#### WORK TO BE COMPLETED:
Pictures stay out of the copy. Everything else in the records must be repeated exactly.

+++ GIVEN DATA +++

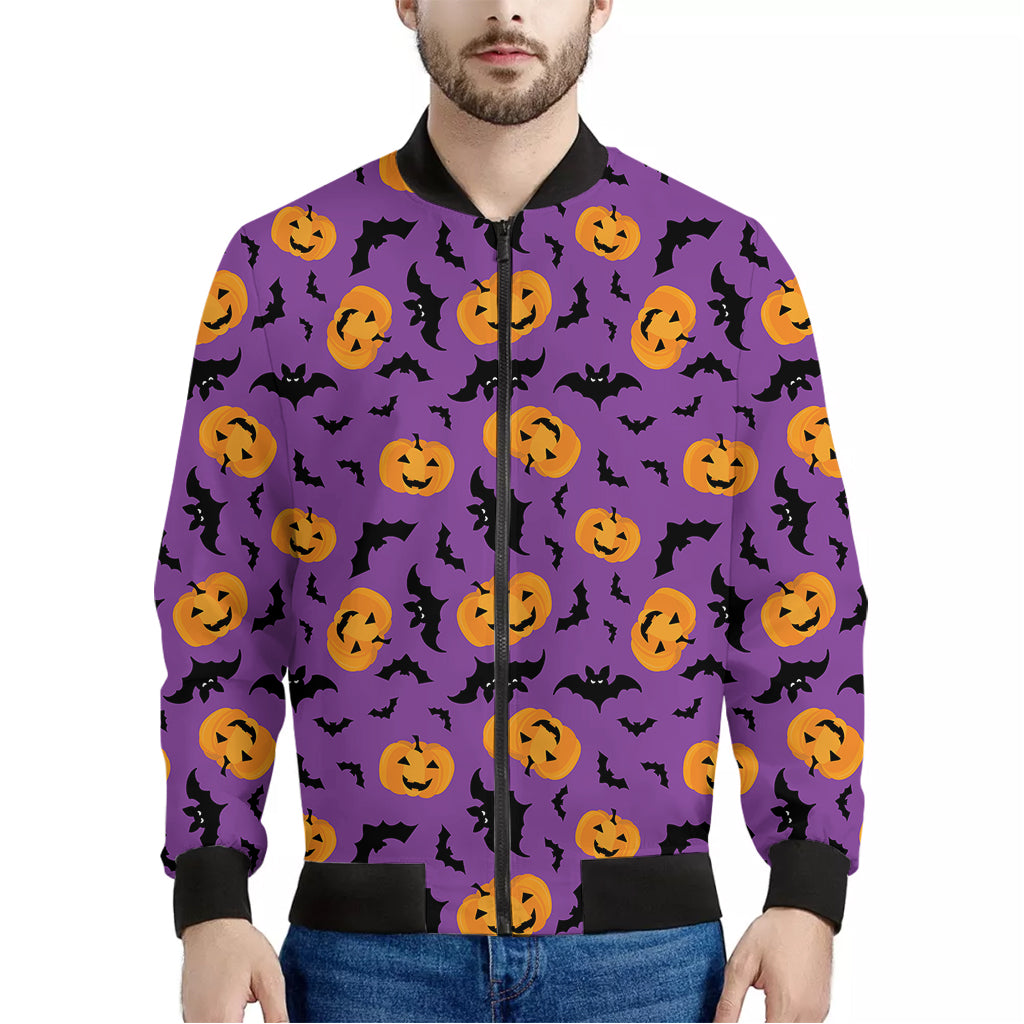 Halloween Bat And Pumpkin Pattern Print Men's Bomber Jacket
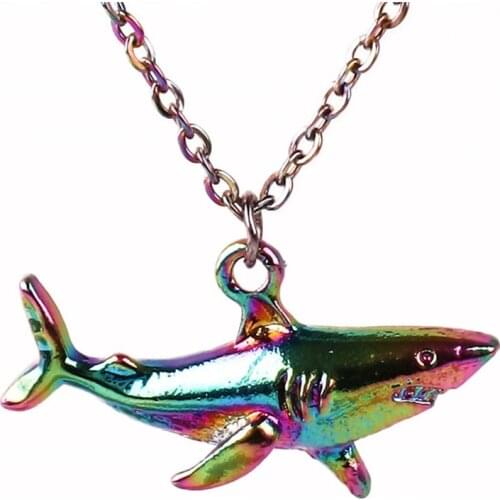 1PC Rainbow Color Alloy Whale Cobra Snake Butterfly Charm Stainless Steel Necklaces for Female Best Jewelry Gift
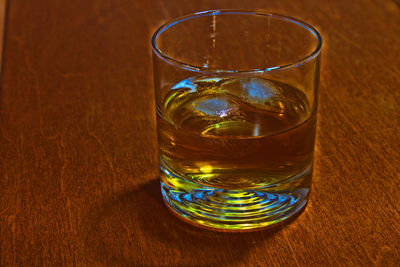 High angle view of beer glass on table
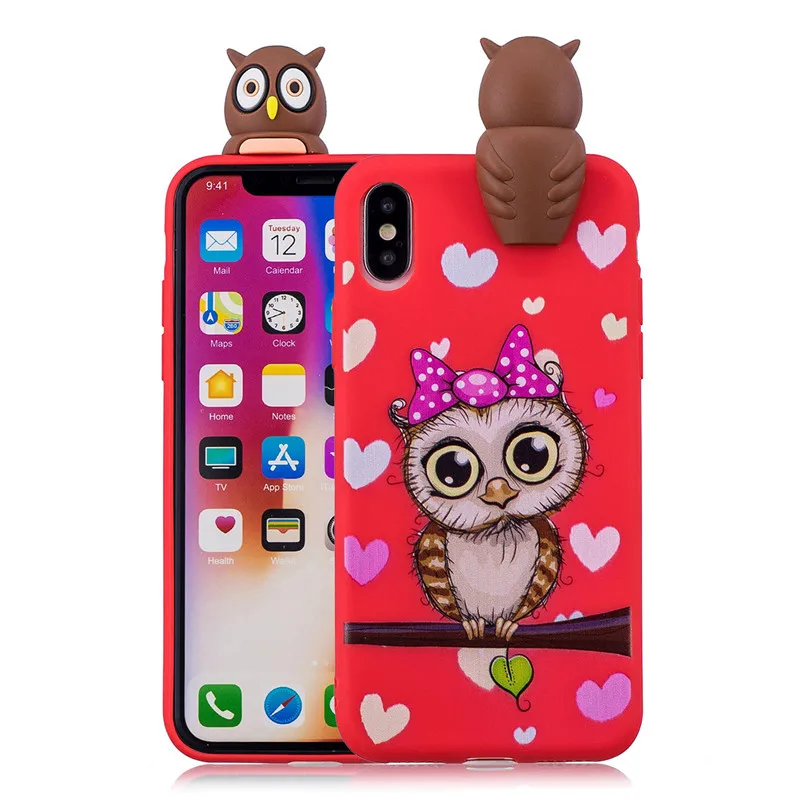 M 3D Мягкий Силиконовый ТПУ чехол для iPhone 11 Pro X XR XS Max прекрасная панда кошка собака Телефон с единорогом чехол для iPhone 6 6S 7 8 Plus 5 5S SE - Цвет: M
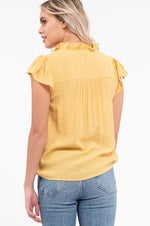 Embroidered V-Neck Top (Mustard)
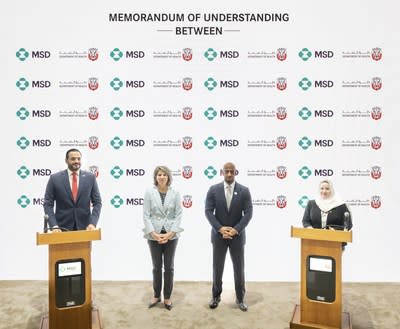 From right to left: Dr. Asma Al Mannaei, Executive Director, Research and Innovation Centre at the Department of Health – Abu Dhabi (DoH), HE Abdulla bin Mohammed Al Hamed, Chairman of the Department of Health – Abu Dhabi (DoH), Laurel Vogelsang, Global Public Policy – International Government Affairs, MSD, Ashraf Mallak, Managing Director for MSD in the GCC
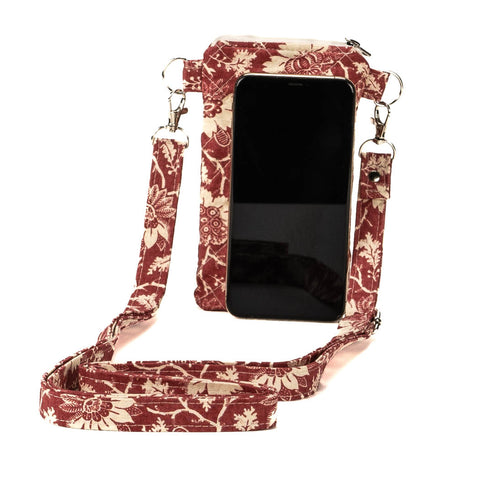 CROSS BODY MINI PHONE BAG - French Floral Red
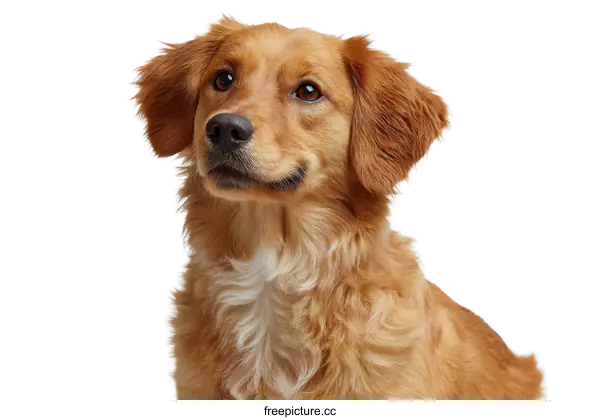 [Transparent Background PNG]Close-up Portrait of a Golden Retriever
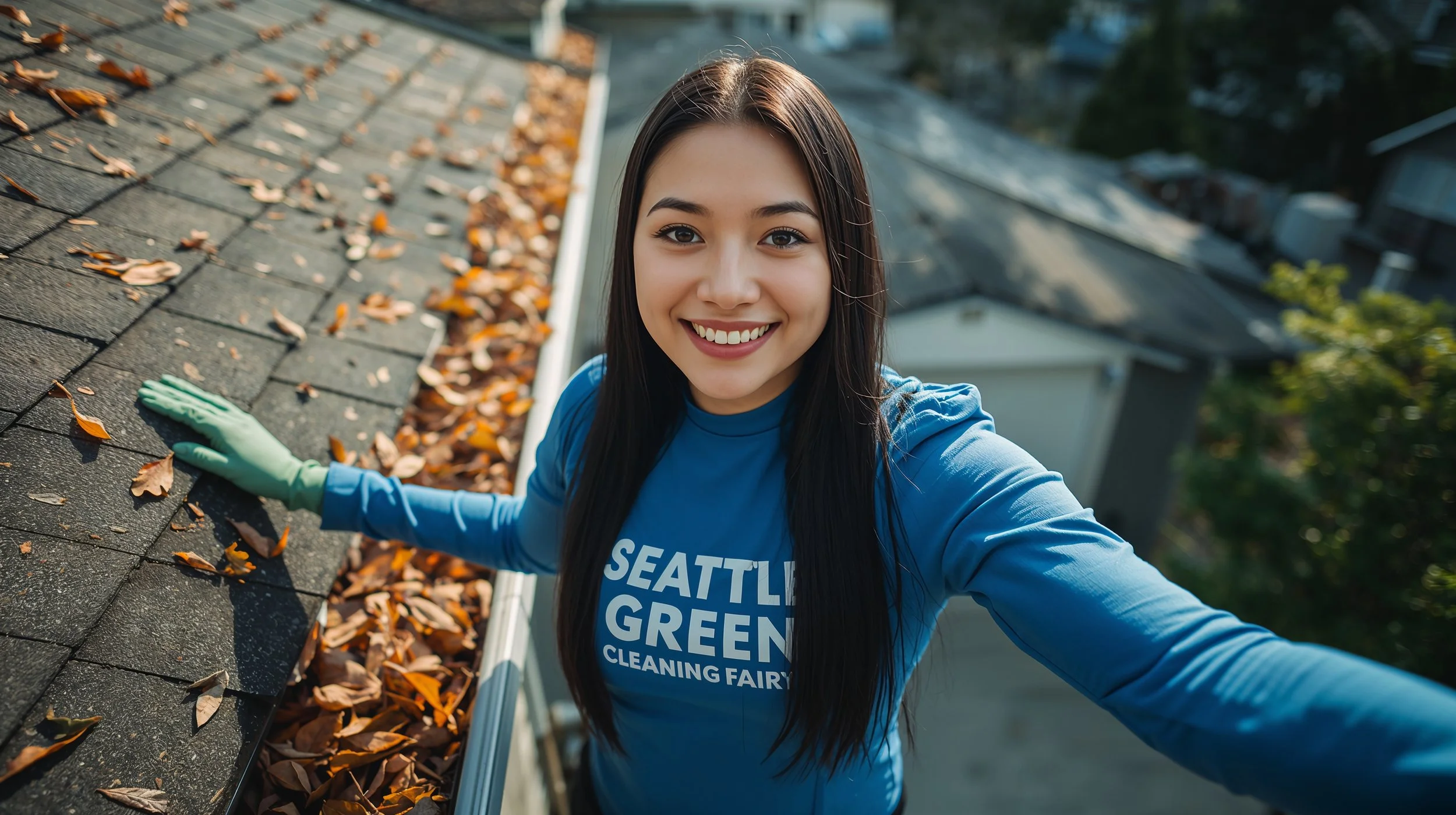 Professional cleaner clearing rooftop gutters on Seattle home.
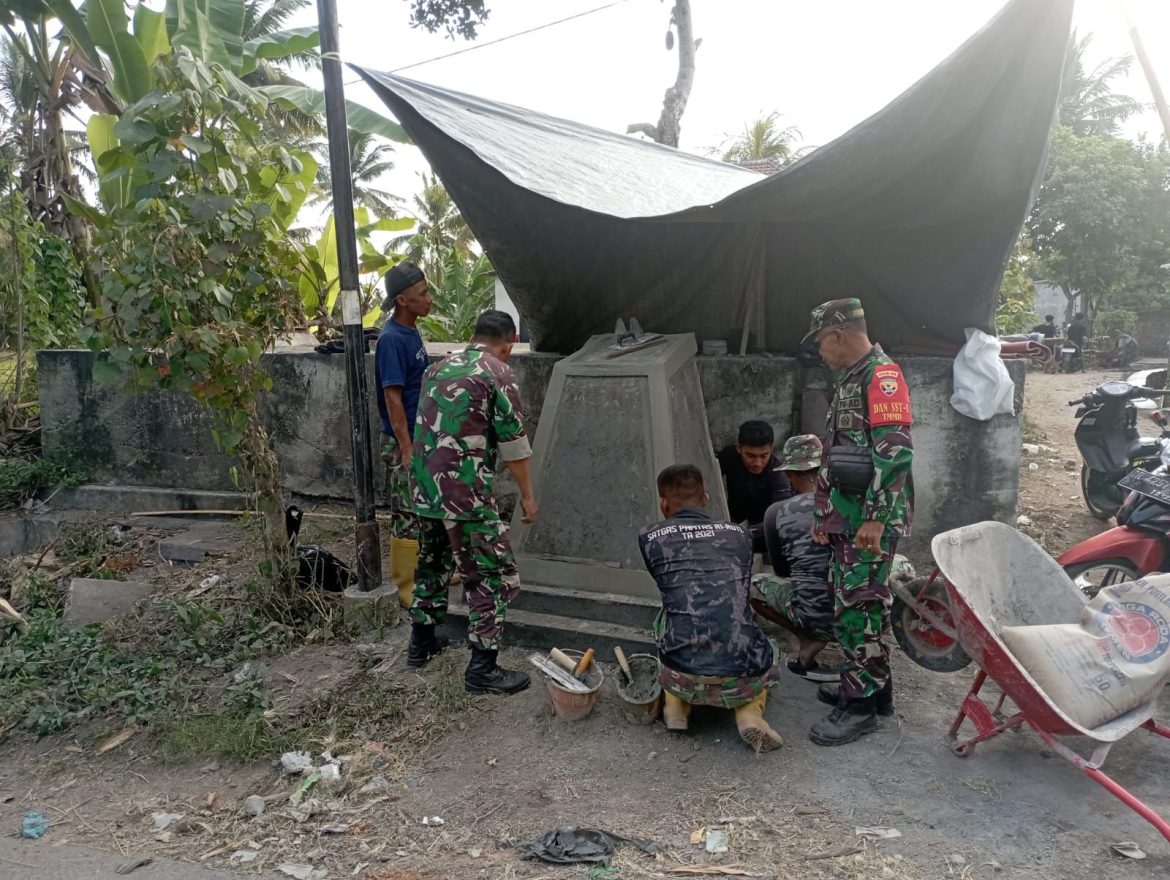Pembangunan Tugu Prasasti 121 Kodim 1615/Lombok Timur Menandakan Akan Berakhirnya Program TMMD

+++

#### RESPONSE:
 Halloween Bat And Pumpkin Pattern Print Men's Bomber Jacket
 1PC Rainbow Color Alloy Whale Cobra Snake Butterfly Charm Stainless Steel Necklaces for Female Best Jewelry Gift
 High angle view of beer glass on table
 M 3D Мягкий Силиконовый ТПУ чехол для iPhone 11 Pro X XR XS Max прекрасная панда кошка собака Телефон с единорогом чехол для iPhone 6 6S 7 8 Plus 5 5S SE - Цвет: M
 Embroidered V-Neck Top (Mustard)
 From right to left: Dr. Asma Al Mannaei, Executive Director, Research and Innovation Centre at the Department of Health – Abu Dhabi (DoH), HE Abdulla bin Mohammed Al Hamed, Chairman of the Department of Health – Abu Dhabi (DoH), Laurel Vogelsang, Global Public Policy – International Government Affairs, MSD, Ashraf Mallak, Managing Director for MSD in the GCC
 CROSS BODY MINI PHONE BAG - French Floral Red
 [Transparent Background PNG]Close-up Portrait of a Golden Retriever
 Professional cleaner clearing rooftop gutters on Seattle home.
Pembangunan Tugu Prasasti 121 Kodim 1615/Lombok Timur Menandakan Akan Berakhirnya Program TMMD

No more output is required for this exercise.